In caso di conversione di successivi contratti a termine maturano gli scatti di anzianità

Pubblicato il 14 gennaio 2015 L’art. 31 del Collegato Lavoro (Legge n. 183/2010), a seguito dell’interpretazione autentica di cui alla Legge Fornero (art. 1, comma 13, Legge n. 92/2012), affermando che l’indennità spettante in caso di conversione del contratto a tempo determinato “ristora un pregiudizio”, ha ribadito esplicitamente che la stessa è correlata ad un danno, un pregiudizio, derivante dalla perdita del lavoro e che è omnicomprensiva perché ristora per intero le “conseguenze” retributive e contributive di quel danno da mancato lavoro e, quindi, tutti i danni sul piano retributivo e contributivo che sono conseguenza, cioè sono legati da un nesso di causalità con la perdita del lavoro.

Questo è quanto emerge in prima battuta dalla sentenza della Cassazione n. 262 del 12 gennaio 2015.

Continua la Suprema Corte sostenendo che, se l’indennità serve a risarcire le conseguenze retributive e contributive del danno da mancato lavoro, è evidente che il legislatore considera solo i periodi di non lavoro ai fini di tale risarcimento e, infatti, esclude dal computo il periodo sino alla scadenza del termine, che è periodo di lavoro, in cui il lavoratore è stato retribuito e quindi non ha subito, né può subire, conseguenze negative sul piano retributivo o contributivo.

In tale periodo la retribuzione è dovuta e detto periodo si computa ai fini degli effetti riflessi e dell’anzianità di servizio per cui l’anzianità di servizio maturata in questo periodo lavorato, vale a tutti gli effetti.

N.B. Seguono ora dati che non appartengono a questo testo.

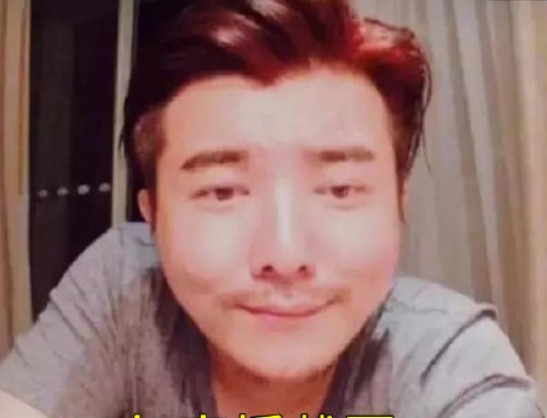 狂吸90萬粉！大叔網紅花10年整形「帥到撞臉金城武」　過往長相曝光「網全認不出」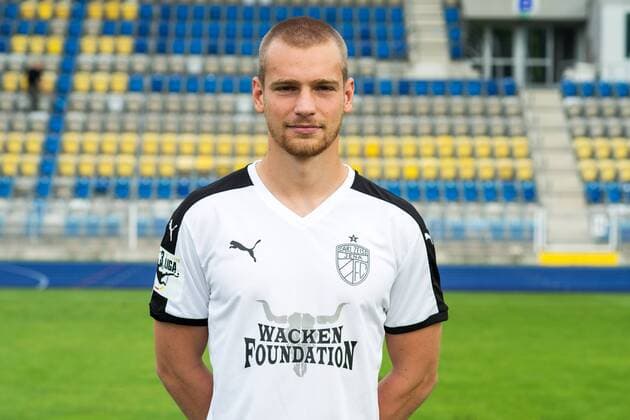 Porträt: Fußball, GER, 3.Liga, Porträttermin 2017 2018, FC Carl Zeiss Jena, Maximilian Schlegel Ernst Abbe Sportfeld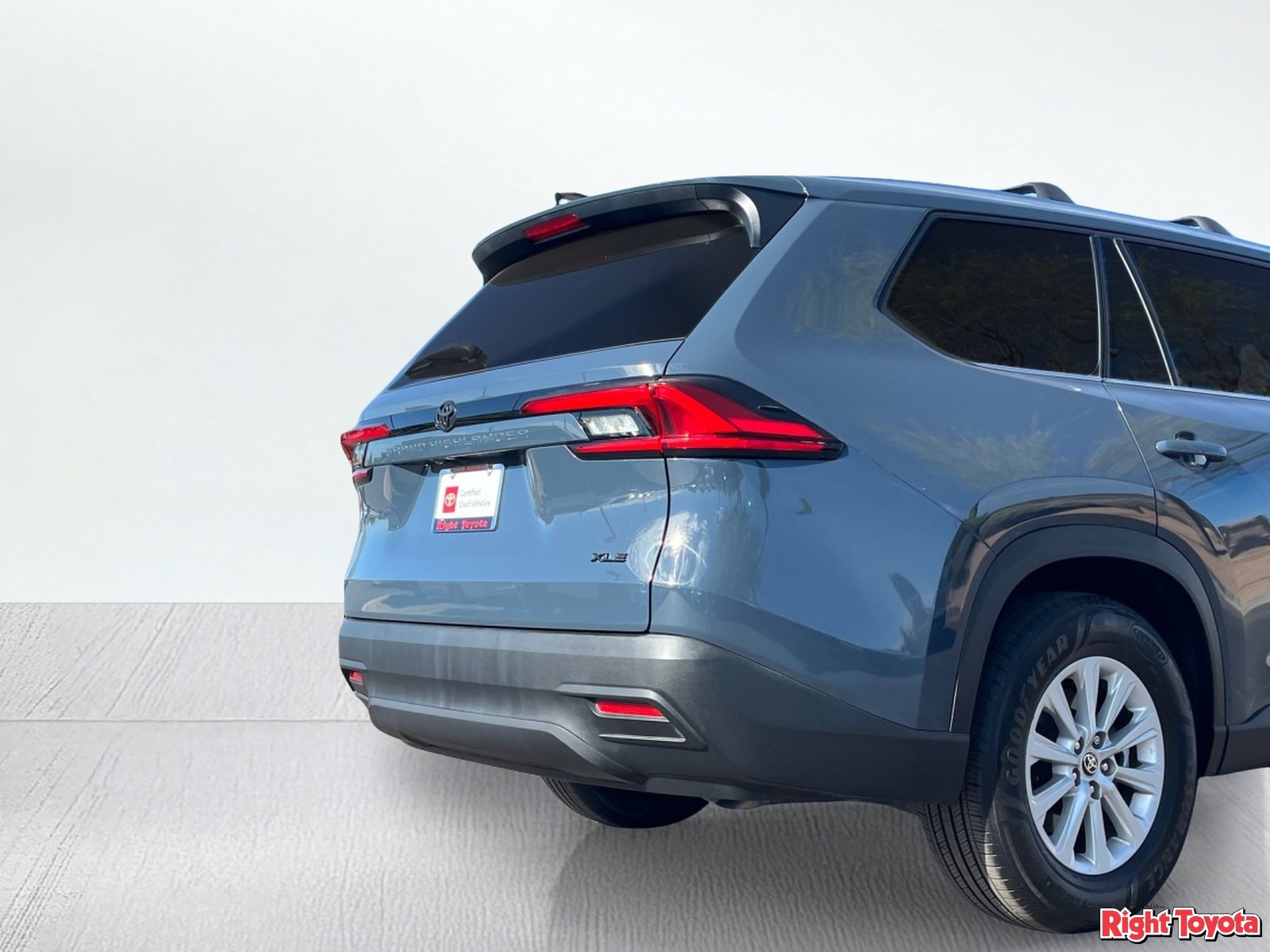 Certified 2024 Toyota Grand Highlander FWD image 12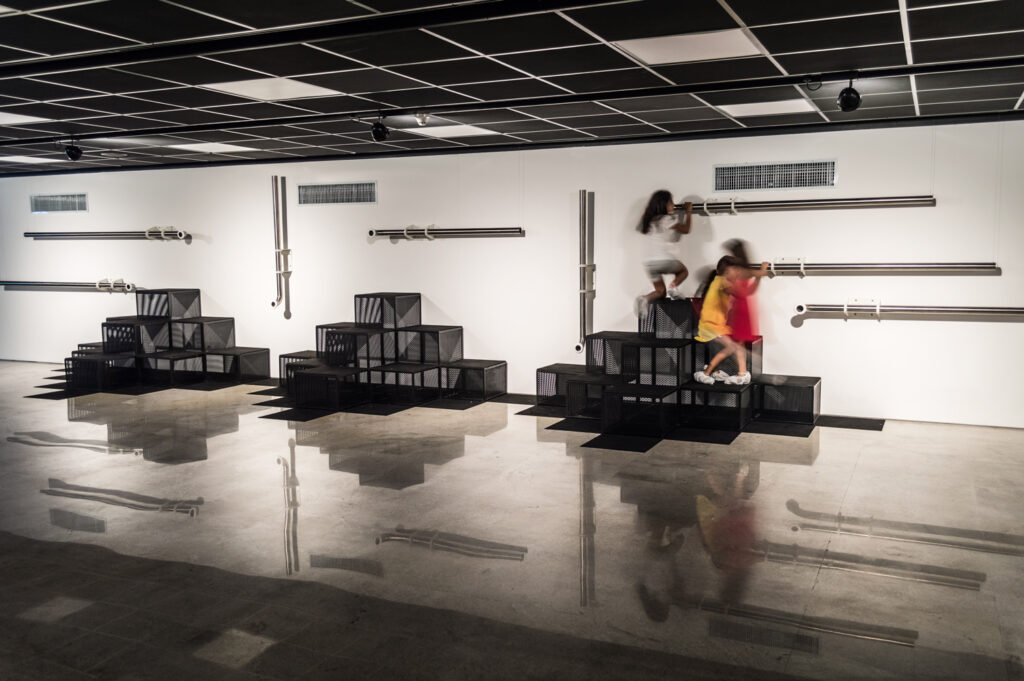 Tubos sonoros de Felippe Moraes instalados na exposição Solfejo 2019 gerando frequências de notas musicais.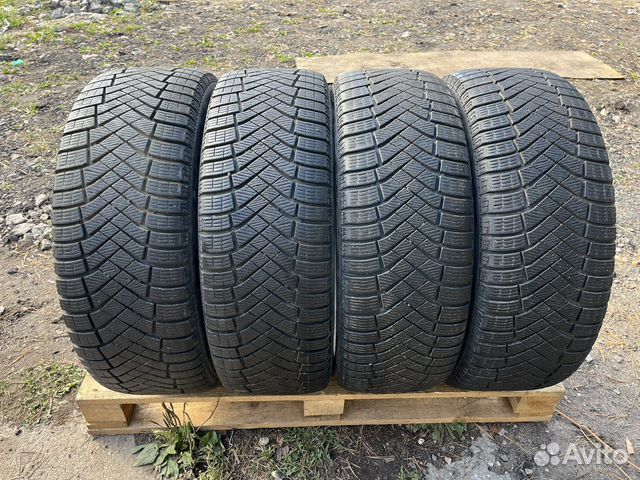 Pirelli Ice Zero FR 235/55 R19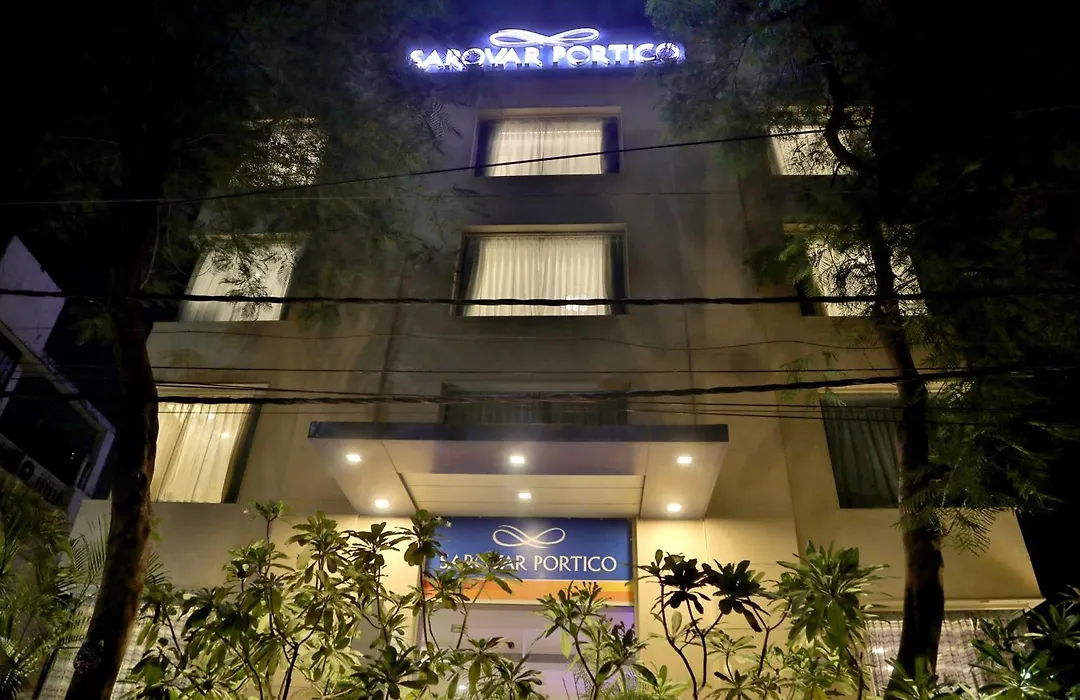 Sarovar Portico Naraina, Hotel-1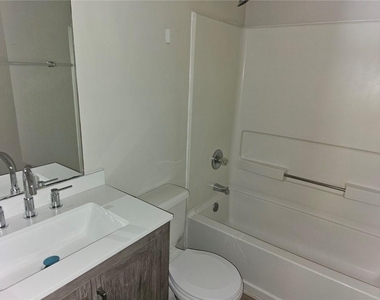 4493 Bridle Ridge Way - Photo Thumbnail 7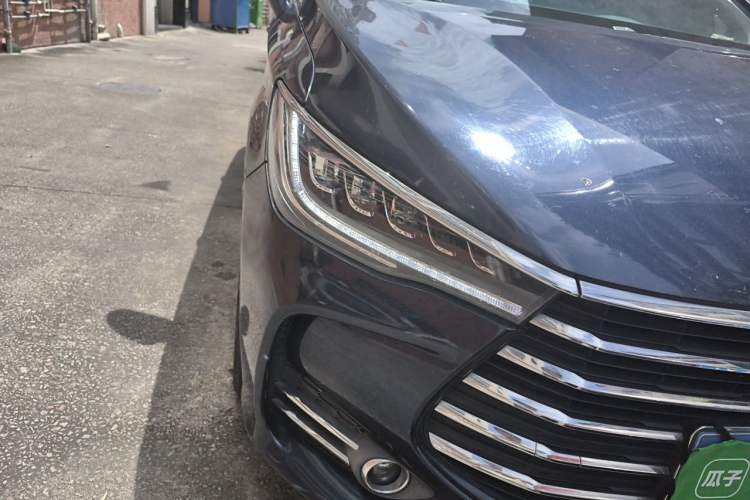 Used BYD Song MAX 2019 1.5T Automatic Smart Connect Ruiyi Sunroof Model 7 Seats China VI Standard Right Front Headlight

Quindi, l’indennità prevista dall’art. 32, Legge 183/2010, ristora in generale il danno subito dal lavoratore per l’allontanamento dal lavoro, tanto se questo sia stato unico, quanto se sia stato ripetuto.

Per tali periodi di non lavoro, mentre prima il lavoratore aveva diritto ad essere comunque retribuito a decorrere dalla messa a disposizione delle energie lavorative pur non avendo lavorato, oggi è prevista solo l’indennità da un minimo di 2,5 ad un massimo di 12 mensilità.

Al contrario, per il periodo di lavoro (o i periodi di lavoro, in caso di sequenza di contratti) il lavoratore ha diritto ad essere retribuito ed ha diritto a che tale periodo, o tali periodi, siano computati ai fini dell’anzianità di servizio e, quindi, della maturazione degli scatti di anzianità.